L’Argentine envisage une dollarisation puis, semble-t-il, une concurrence totale des monnaies. Mais elle reste, pour l’instant, frileuse sur Bitcoin, ce qui est décevant, d’autant que le président Javier Milei avait auparavant fait des déclarations très favorables à Bitcoin. Son approche prudente est sans doute influencée par des économistes argentins sceptiques sur Bitcoin comme Nicolas Cachanosky. Concernant le Salvador, d’autres petits pays pourraient suivre l’exemple du président Nayib Bukele. De nombreux pays observent de près le Salvador et constatent que ce n’est pas un désastre, contrairement à ce qui avait été prédit.

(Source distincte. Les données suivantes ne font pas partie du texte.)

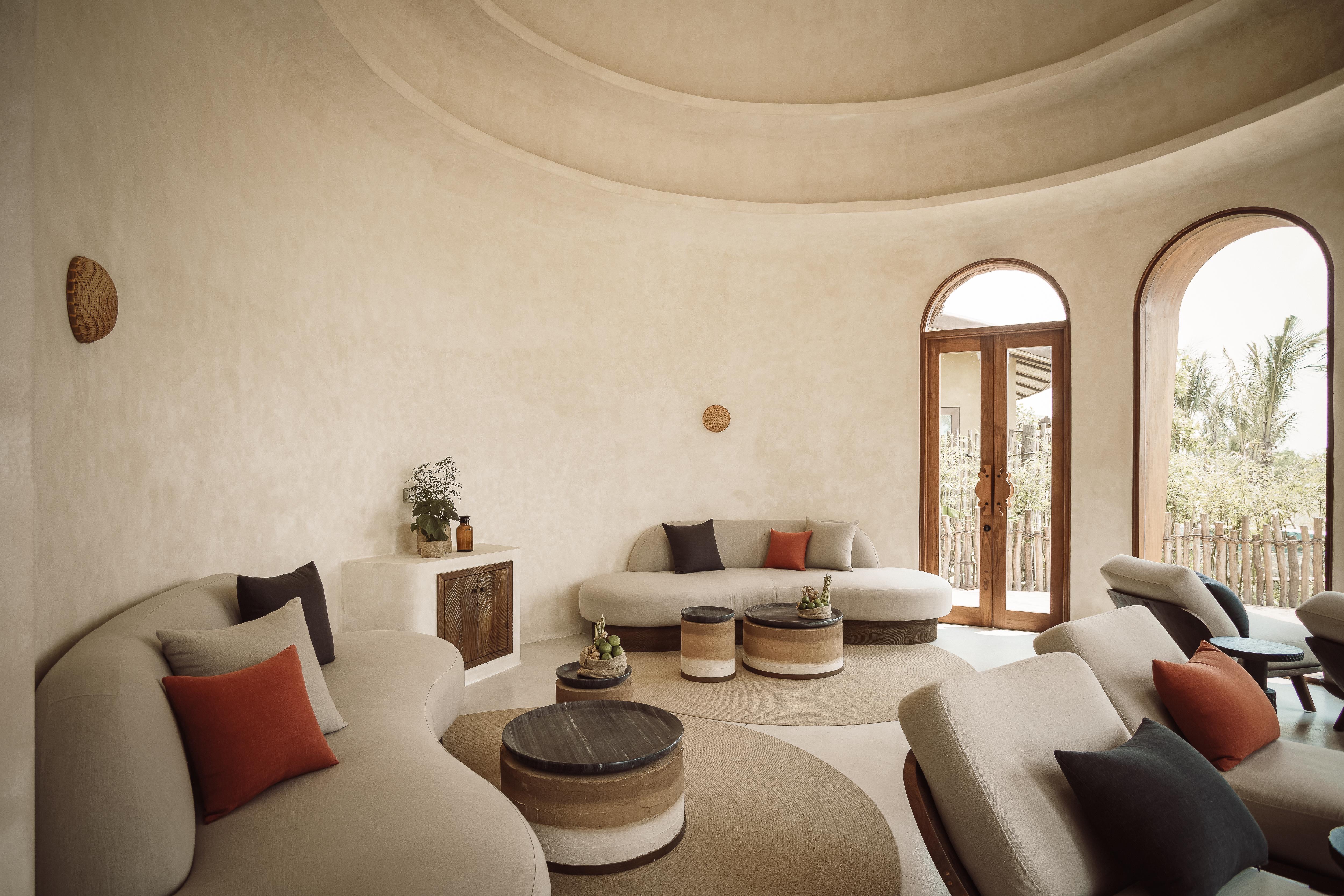 A warm bedroom interior with timber ceiling, linen, and natural materials, opening onto a private pool
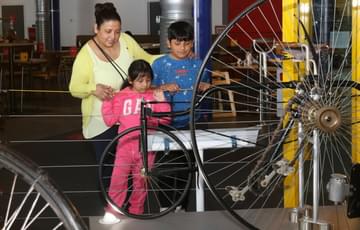 An adult and two children looking at bicycles on display.
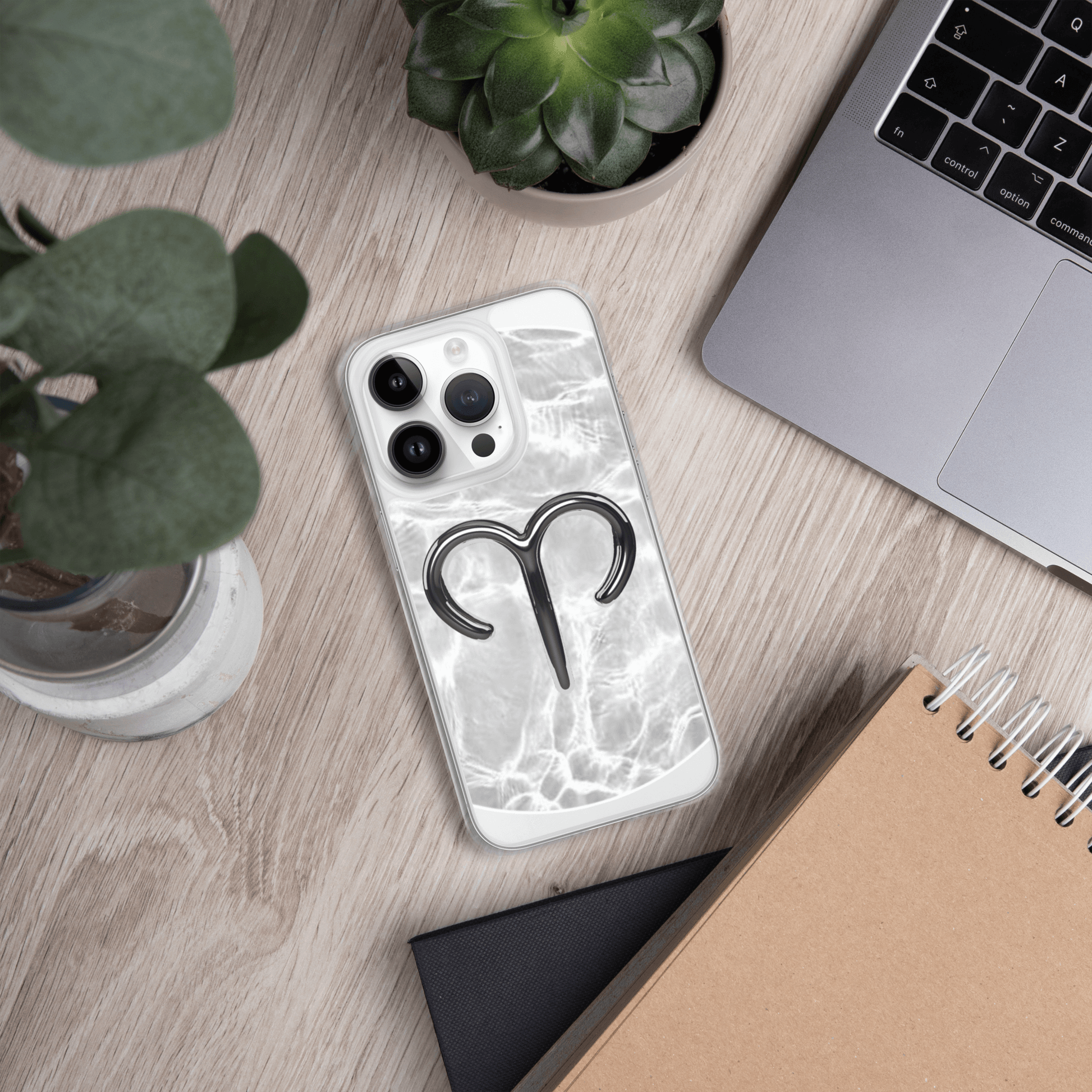 Zodiac Aries MagSafe clear iPhone case with marble metallic design on a desktop with plants and notebook.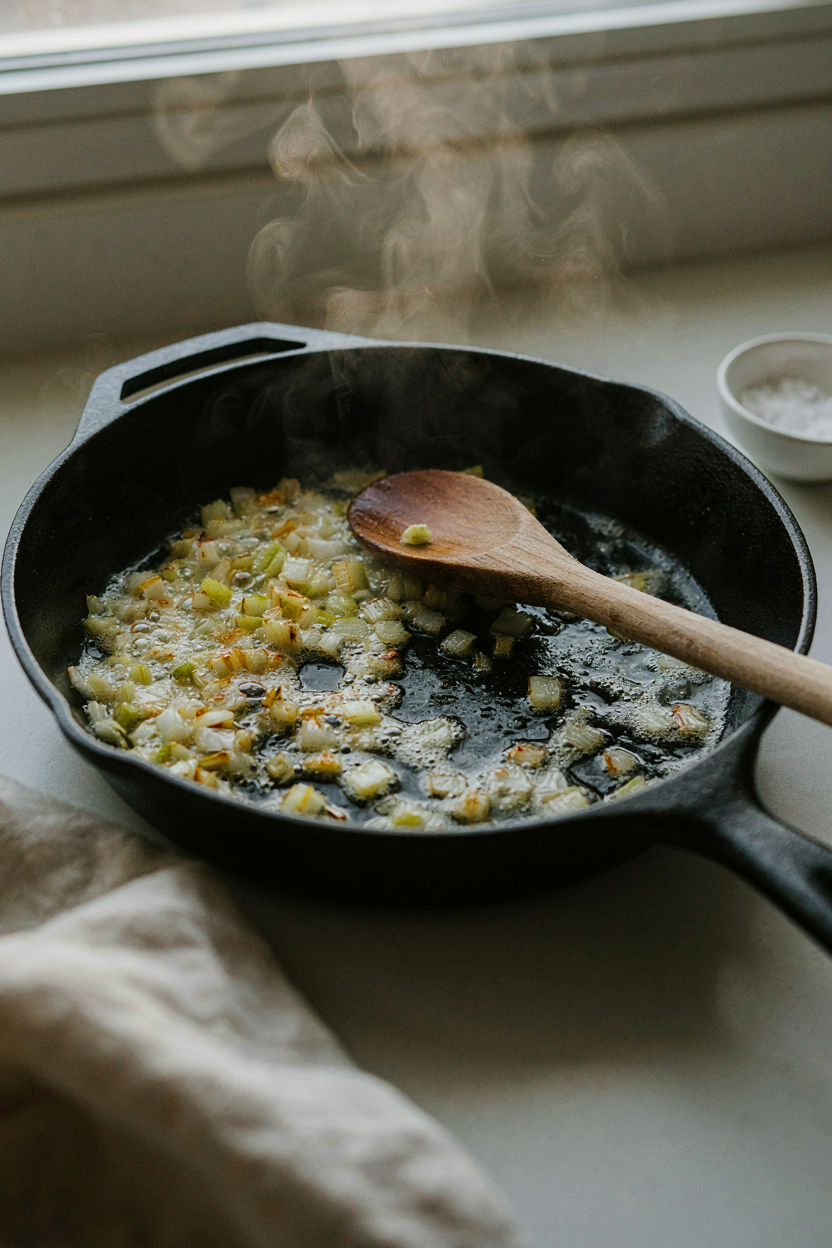 Onion and celery softening in browning butter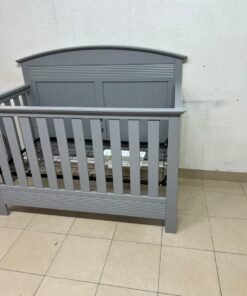 A convertible crib (such as the Serta Barrett model or the Dylan crib by Juniors, available at Centrepoint UAE) in an elegant gray color, featuring a classic, adjustable design that adapts to the various stages of a child's growth. - Image 4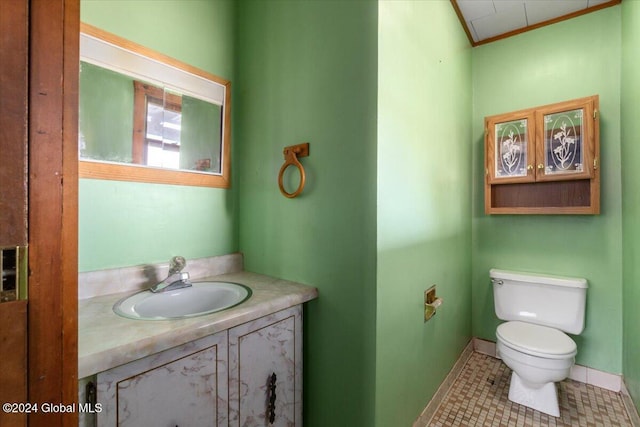 bathroom with tile patterned flooring, vanity, and toilet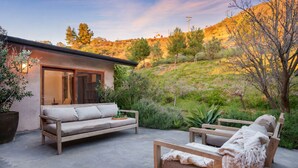 Une terrasse avec un canapé et un fauteuil, entourée de verdure et adossée à une colline.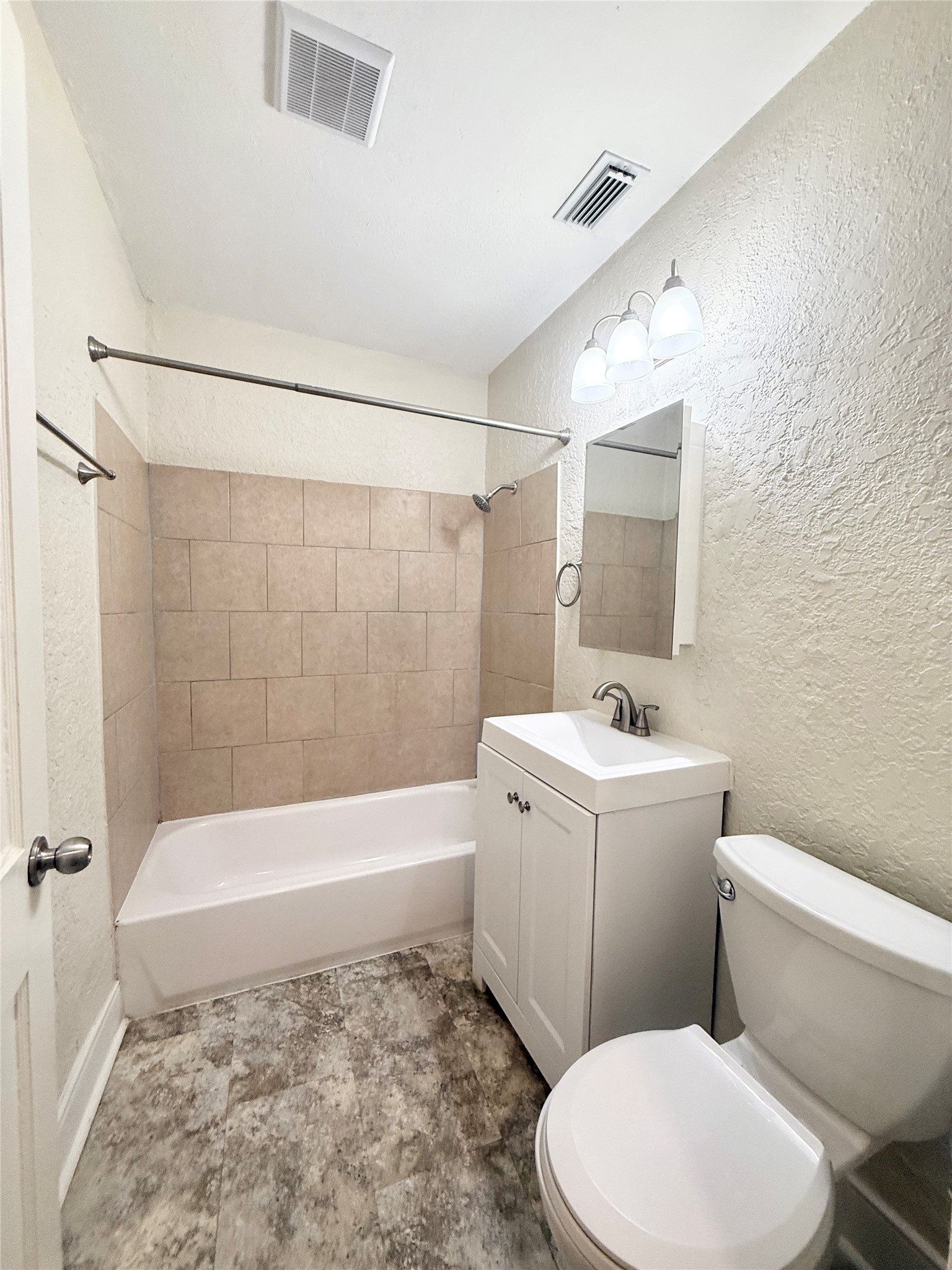 1232 San Felipe Street Angleton, TX 77515 - Photo 10 of 16 a bathroom with a sink a toilet and bathtub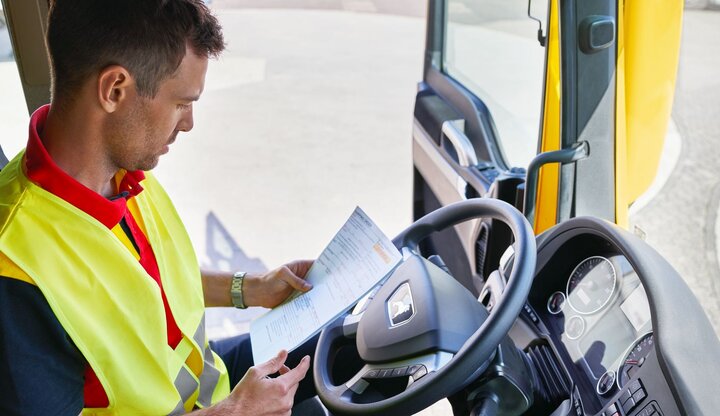 DHL truck driver checking paperwork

Enfin, en Europe, on observe un intérêt croissant pour les monnaies numériques de banque centrale. Comment percevez-vous cela en tant qu’Européen ?
Les MNBC sont pour moi des projets inquiétants et dangereux, malgré les discours rassurants des banques centrales et de leurs relais d’opinion. Il est intéressant de noter les différences d’approche entre les Européens et les Américains, ces derniers semblant plus prudents et pragmatiques. Certains pensent que ces monnaies numériques sont trop complexes à mettre en œuvre, mais je crois qu’ils se trompent. Cela fait des années que les banques centrales et la Banque des Règlements Internationaux (BRI) travaillent dessus. C’est une ambition mûrement réfléchie, et ces initiatives verront le jour.
Quels sont, selon vous, les plus grands risques des MNBC ?
Les MNBC concentrent deux risques majeurs. D’une part, le contrôle économique, avec une politique monétaire hyper-expansionniste et des taux d’intérêt négatifs, couplés à la disparition du cash. D’autre part, le contrôle politique et la surveillance des dépenses individuelles, une perspective dystopique dans des pays censés être démocratiques. Nous avons vu, ces dernières années, à quelle vitesse les démocraties peuvent adopter des mesures liberticides que l’on n’aurait jamais imaginées.